But when your kids start playing sports, the learning progresses to a whole new level.
It’s not all bad, what you can learn about myself. And keep in mind that it’s a journey too. You will never become the perfect parent–or sports parent–overnight.
Actually, you may have known many of these things about yourself before your kids started playing sports. But gymnasium and field lights can expose new angles to old traits.And sometimes it’s not a pretty sight.
What can you learn when your child plays youth sports?
- That you have a very strong urge to be in control. You want to know that every situation your kid encounters will work out perfectly.And the more you can do to help it, the better.
- That you want to fix everything for your kids. Maybe a talk with the coach, or telling off that mouthy parent, or pushing my kid to work extra hard will fix things. Then again, maybe not.
- That you will sometimes say stupid things. After games, before games, after practices, before practices.You probably will do it all. Tongue-biting is a skill that most sports parents need to work on.

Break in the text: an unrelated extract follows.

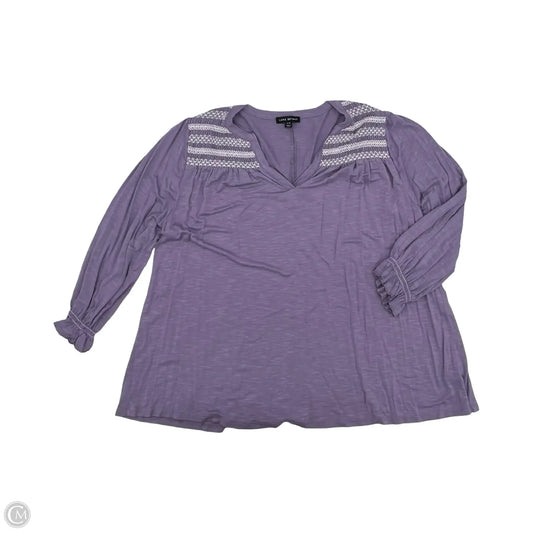 Top Long Sleeve By Lane Bryant In Purple, Size: Xl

- That you worry way too much. When my son was starting quarterback, I’d get diarrhea the day of his games.When my daughters played as varsity starters, I could not eat before the games.It’s a rough way to lose weight. And here’s the kicker: worry will never ever help your child play better. It is a habitual waste of time that disrupts bodily functions.
- That you may be very competitive. Of course, this is not necessarily a bad thing. But the competitiveness you may feel when watching your kids play sports can translate into some embarrassing behavior. What parent doesn’t always want his kids to win and succeed and shine and prove beyond a shadow of a doubt that they are the best there ever was?
- That love your children very much. Of course you knew this before they played sports. But the reason that you do all those other dumb things is because you do love your kids so much. And sometimes you just can’t control the way it shows.
For me, it’s been a long 21 years of self-discovery.What has your journey looked like?
Janis B. Meredith writes a sportsparenting blog, http://jbmthinks.com. She’s been a sports mom for 21 years, and a coach’s wife for 28, and sees life from both sides of the bench. You can also follow her on facebook and twitter.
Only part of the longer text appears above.